The re.match() function attempts to match a pattern at the beginning of a string. It returns a match object if the pattern is found at the beginning of the string, or None otherwise.


text = "The quick brown fox jumps over the lazy dog"
pattern = "The"
match = re.match(pattern, text)
if match:
    print("Pattern found")
else:
    print("Pattern not found")

 

Finding All Matches:


The re.findall() function finds all occurrences of a pattern within a string and returns them as a list of strings.

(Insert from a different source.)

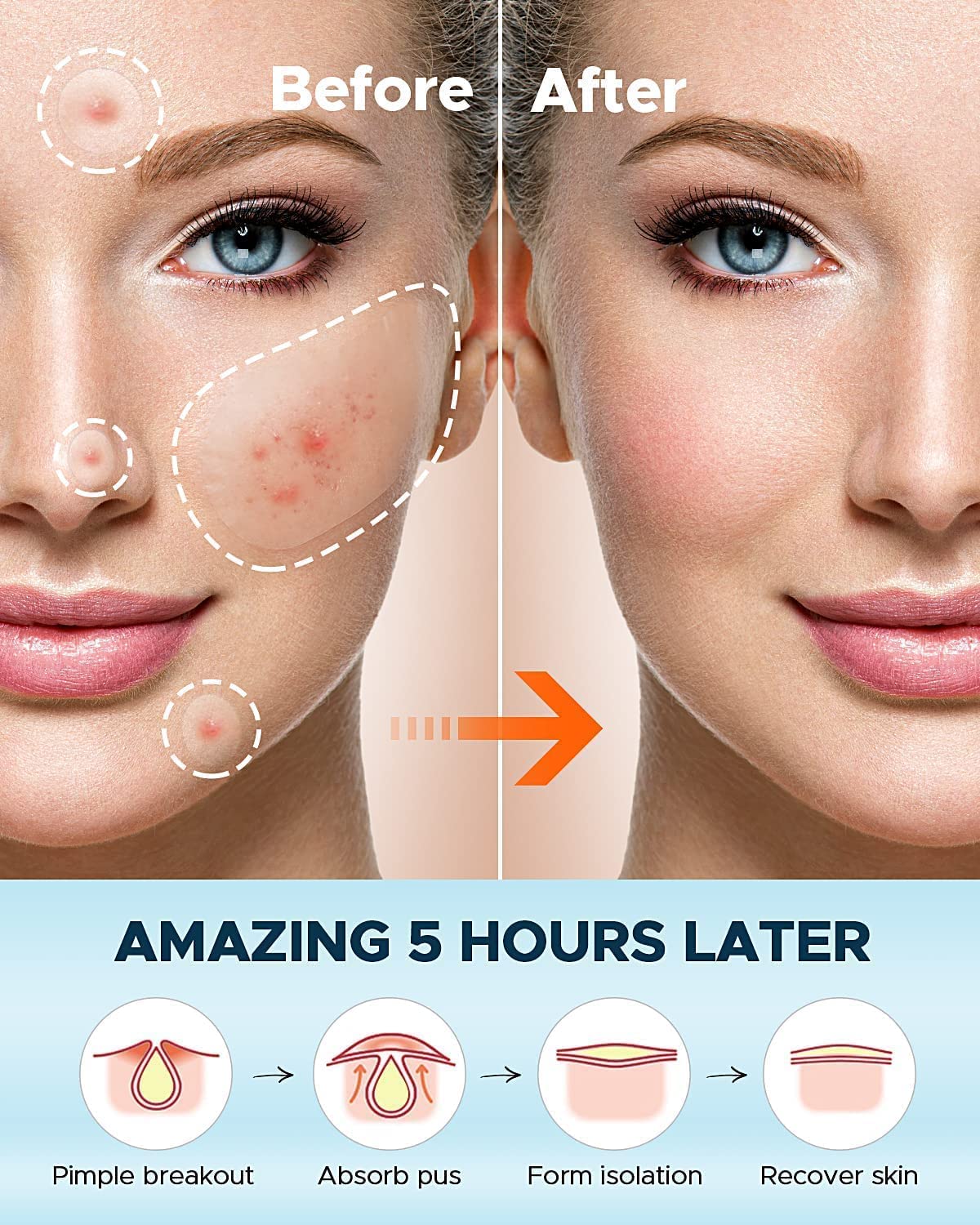 72 Pcs Hydrocolloid Acne Pimple Patches for Face - Effective Spot Treatment to Calm & Relieve Breakouts - Clear Skin Facial Care - Perfect for Overnight Use & Daily Acne Treatment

text = "The quick brown fox jumps over the lazy dog"
pattern = "the"
matches = re.findall(pattern, text, re.IGNORECASE)  # Case-insensitive search
print("Number of matches:", len(matches))

 

Substituting Patterns:


The re.sub() function substitutes occurrences of a pattern in a string with a specified replacement string.

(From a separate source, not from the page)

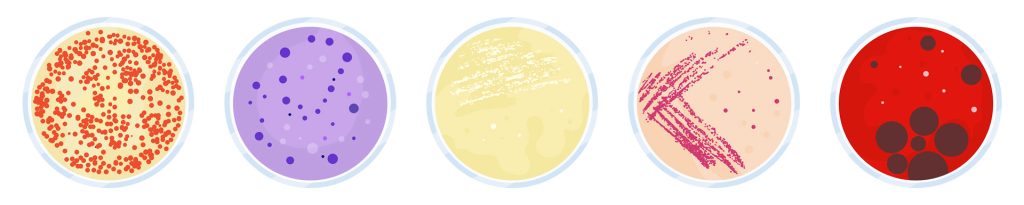 lab culture fails to diagnose pji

text = "The quick brown fox jumps over the lazy dog"
pattern = "lazy"
replacement = "sleepy"
new_text = re.sub(pattern, replacement, text)
print("New text:", new_text)

 

Regular Expression Patterns:


Regular expressions support a wide range of pattern matching options, including:

  • Literal characters
  • Character classes ( [...] )
  • Quantifiers ( *, +, ?, {m}, {m,n})
  • Anchors (^, $)
  • Groups (...)
  • Alternation ( | )
  • Escape sequences ( \d , \w , \s , etc.)
  • And more...

Example:

text = "The quick brown fox jumps over the lazy dog"
pattern = r"\b\w{3}\b"  # Matches three-letter words
matches = re.findall(pattern, text)
print("Three-letter words:", matches)

 

Flags:


The re module also supports flags for modifying the behavior of regex operations. Common flags include re.IGNORECASE (for case-insensitive matching) and re.MULTILINE (for multiline matching).

Example:

text = "The quick brown fox\njumps over the lazy dog"
pattern = r"^the"  # Matches 'the' at the beginning of a line
matches = re.findall(pattern, text, re.IGNORECASE | re.MULTILINE)
print("Matches:", matches)

 

Regular expressions are a powerful tool for text processing and pattern matching in Python. They provide a concise and flexible way to search, extract, and manipulate text data based on complex patterns. However, they can also be complex and hard to read, so it's essential to use them judiciously and document them well.